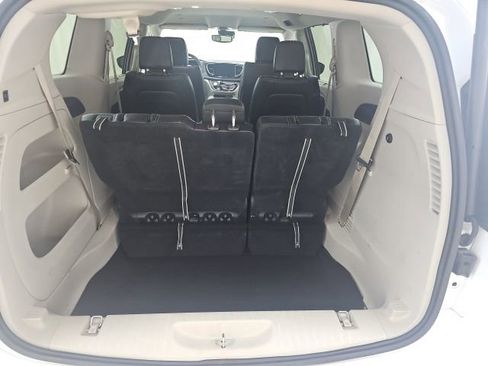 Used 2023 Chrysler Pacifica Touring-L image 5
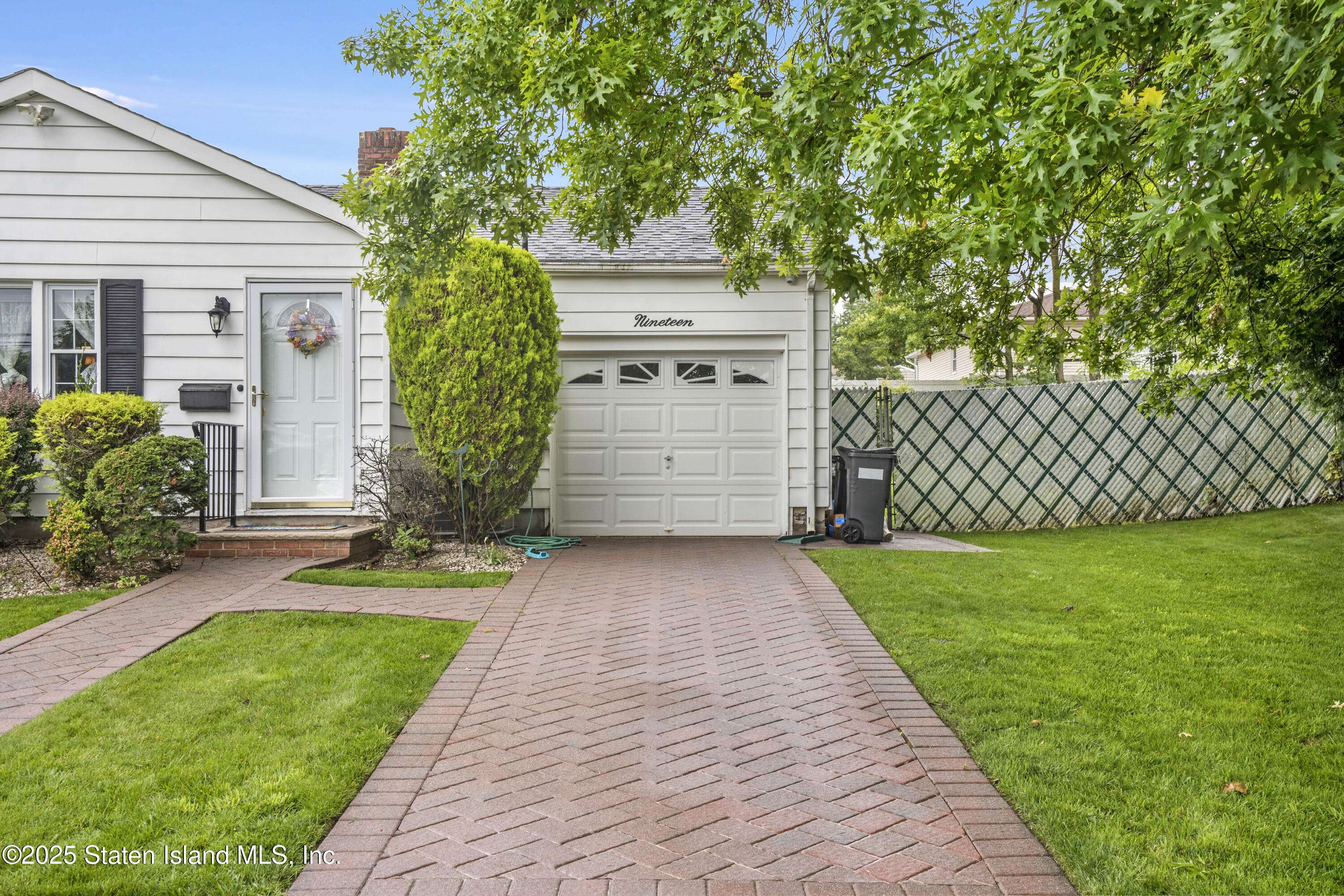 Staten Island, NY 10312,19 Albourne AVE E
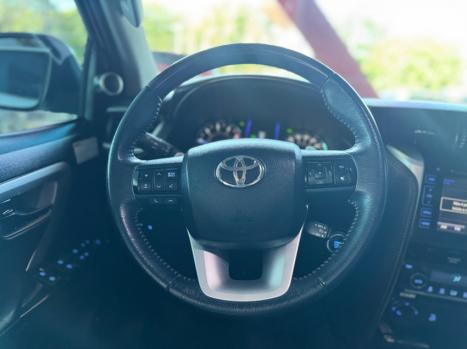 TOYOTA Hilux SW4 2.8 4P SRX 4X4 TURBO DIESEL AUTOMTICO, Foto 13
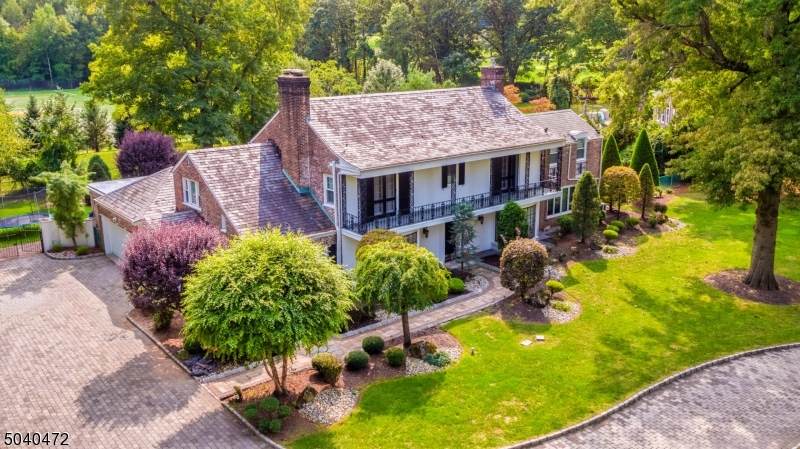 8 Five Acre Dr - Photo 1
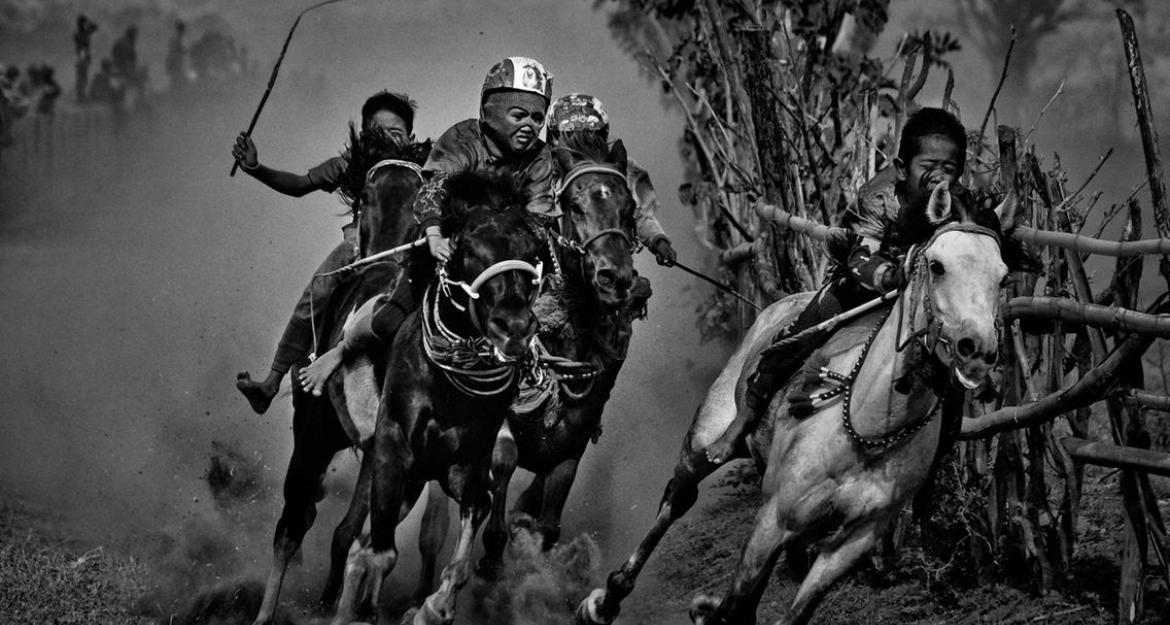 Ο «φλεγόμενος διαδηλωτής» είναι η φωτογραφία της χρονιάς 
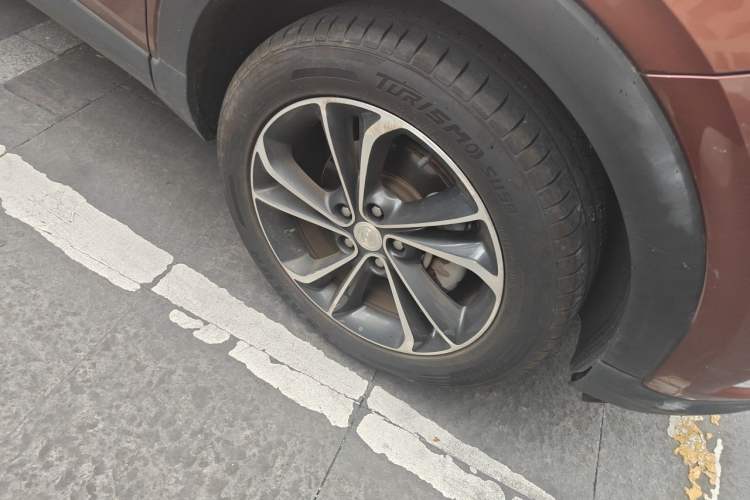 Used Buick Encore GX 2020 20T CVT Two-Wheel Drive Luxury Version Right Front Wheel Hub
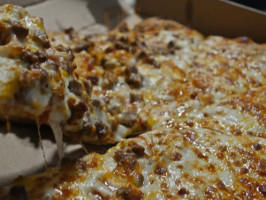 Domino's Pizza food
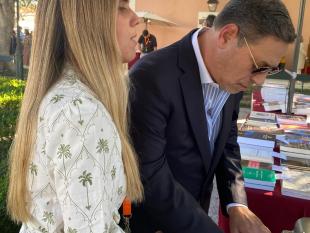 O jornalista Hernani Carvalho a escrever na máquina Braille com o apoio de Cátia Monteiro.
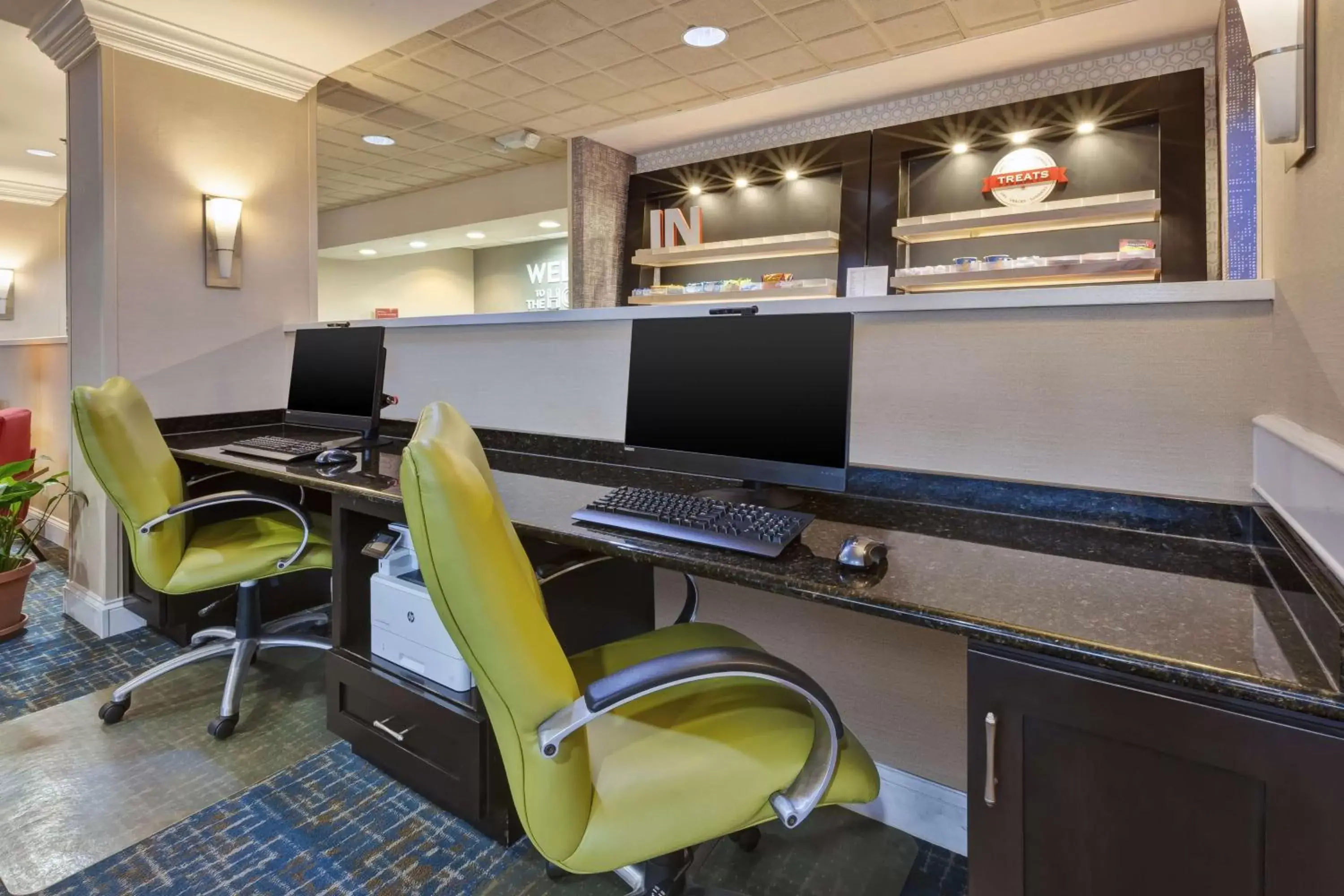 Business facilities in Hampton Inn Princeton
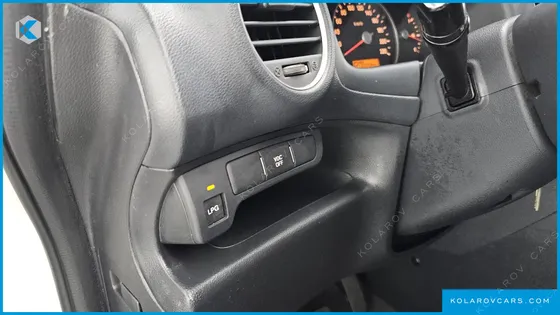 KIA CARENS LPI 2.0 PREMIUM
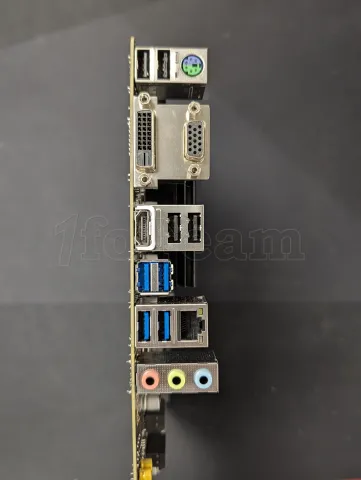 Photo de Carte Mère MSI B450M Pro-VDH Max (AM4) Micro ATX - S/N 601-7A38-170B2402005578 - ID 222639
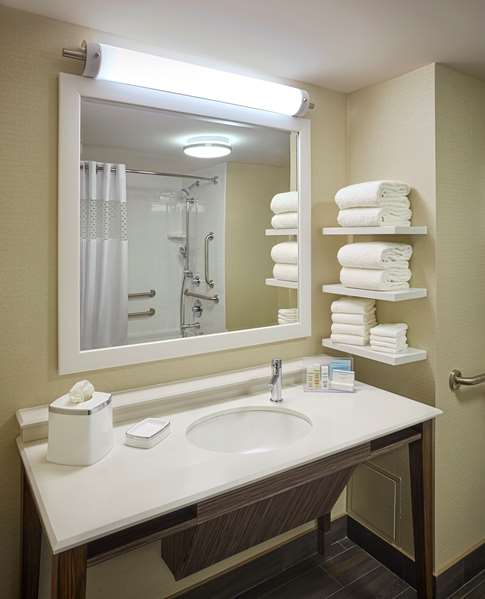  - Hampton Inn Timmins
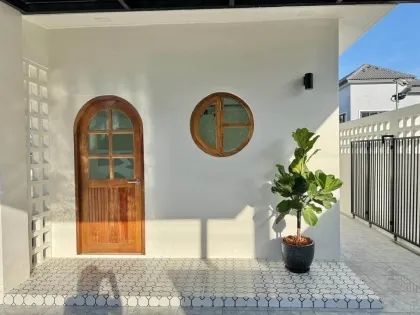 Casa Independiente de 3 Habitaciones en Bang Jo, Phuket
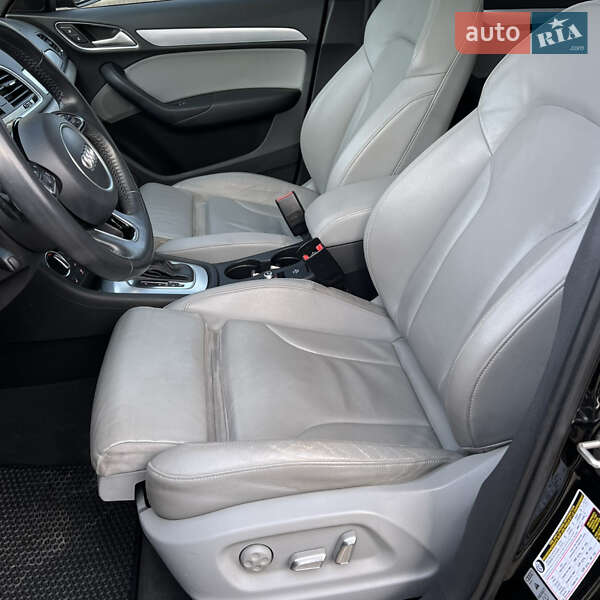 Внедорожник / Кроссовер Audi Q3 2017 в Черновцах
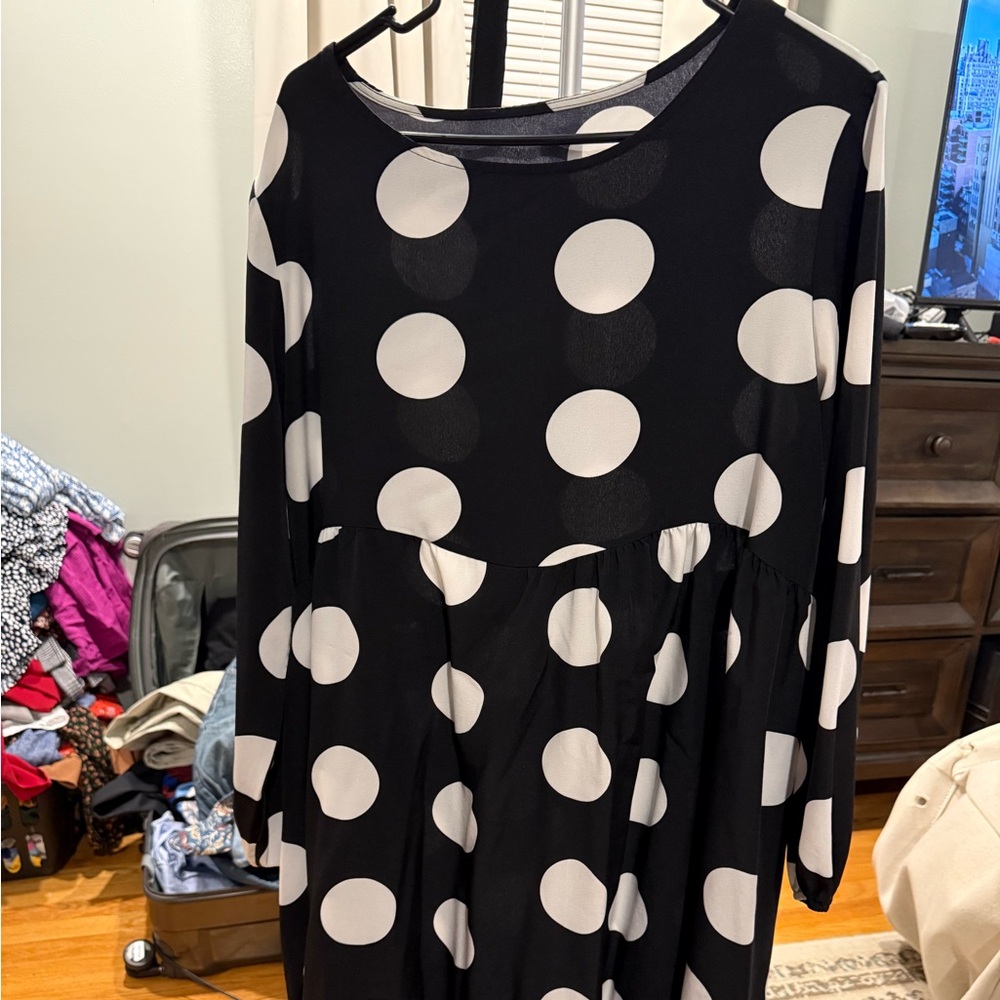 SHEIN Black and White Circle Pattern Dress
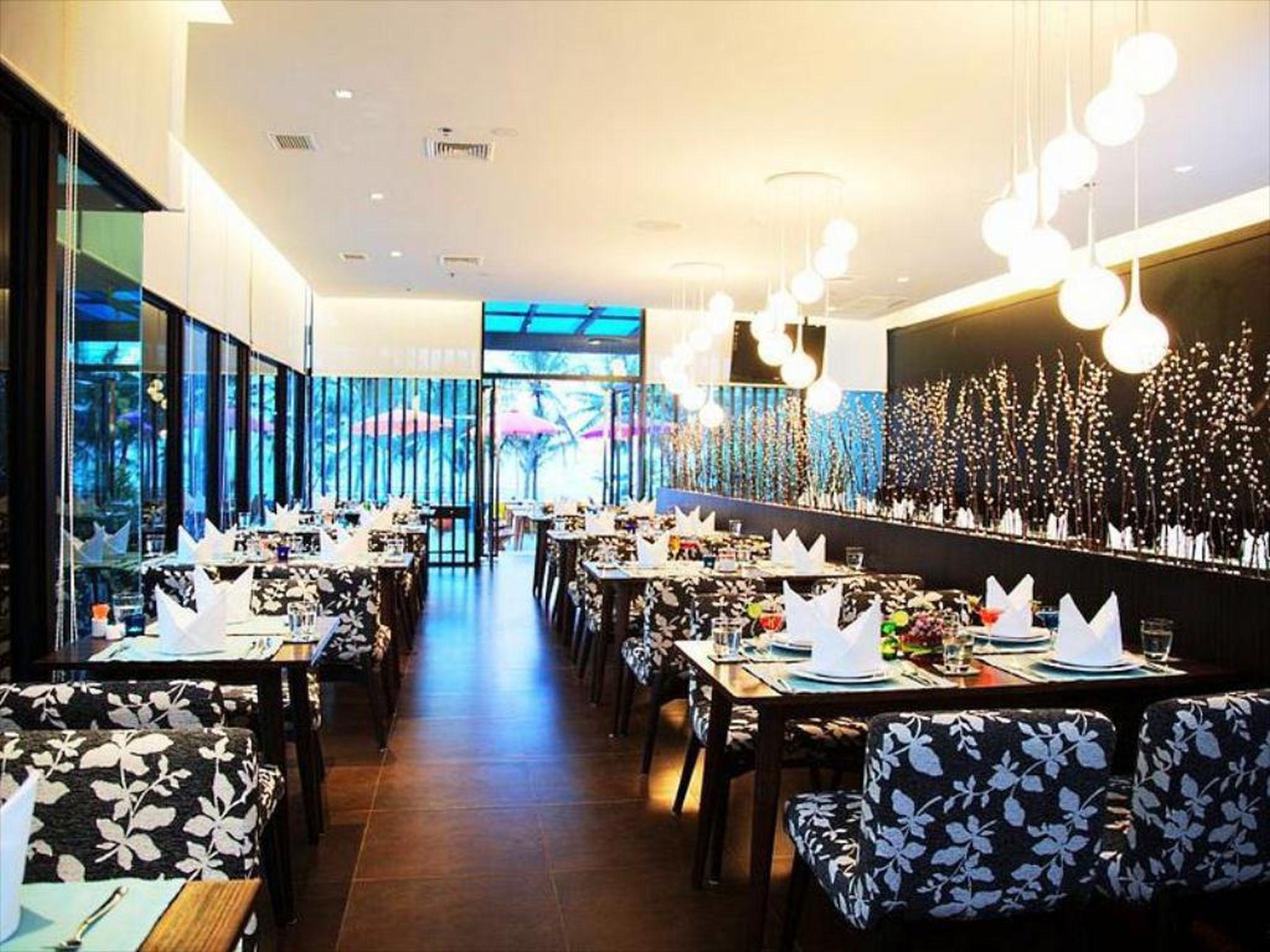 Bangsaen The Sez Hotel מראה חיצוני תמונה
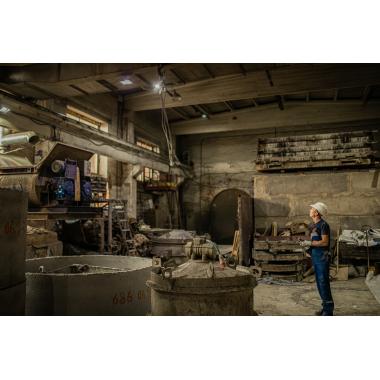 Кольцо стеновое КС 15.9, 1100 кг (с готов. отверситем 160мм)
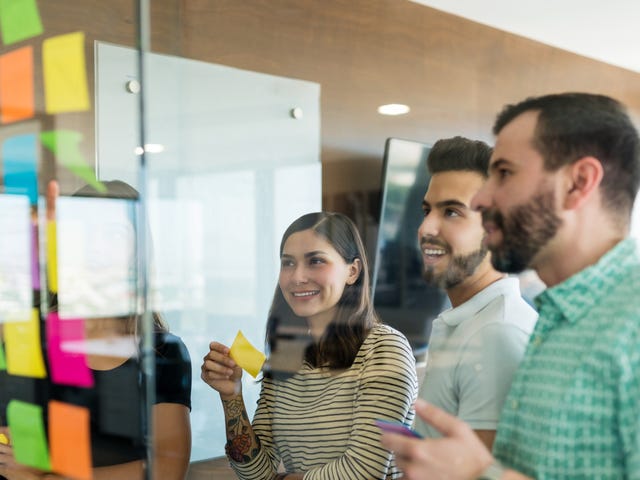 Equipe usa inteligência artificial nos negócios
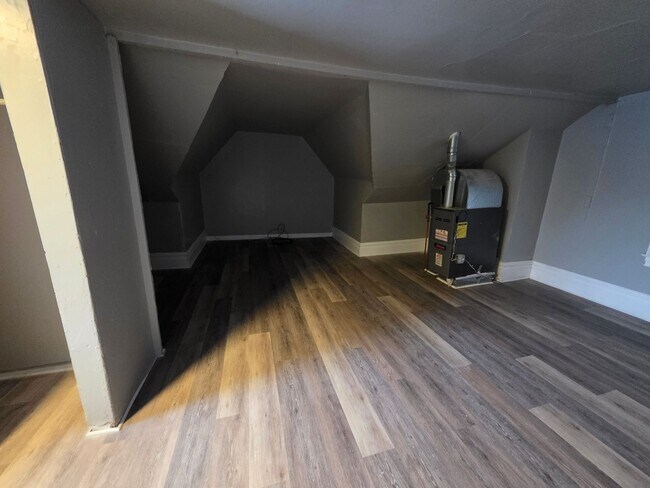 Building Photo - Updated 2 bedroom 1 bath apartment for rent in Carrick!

···

**TASK OBJECTIVE**.
Once the line containing "Кольцо стеновое КС" is found, copy it and each line after it through the end of the entries above exactly; nothing else, and no pictures.

**TASK RESULT**.
 Кольцо стеновое КС 15.9, 1100 кг (с готов. отверситем 160мм)
 Equipe usa inteligência artificial nos negócios
 Building Photo - Updated 2 bedroom 1 bath apartment for rent in Carrick!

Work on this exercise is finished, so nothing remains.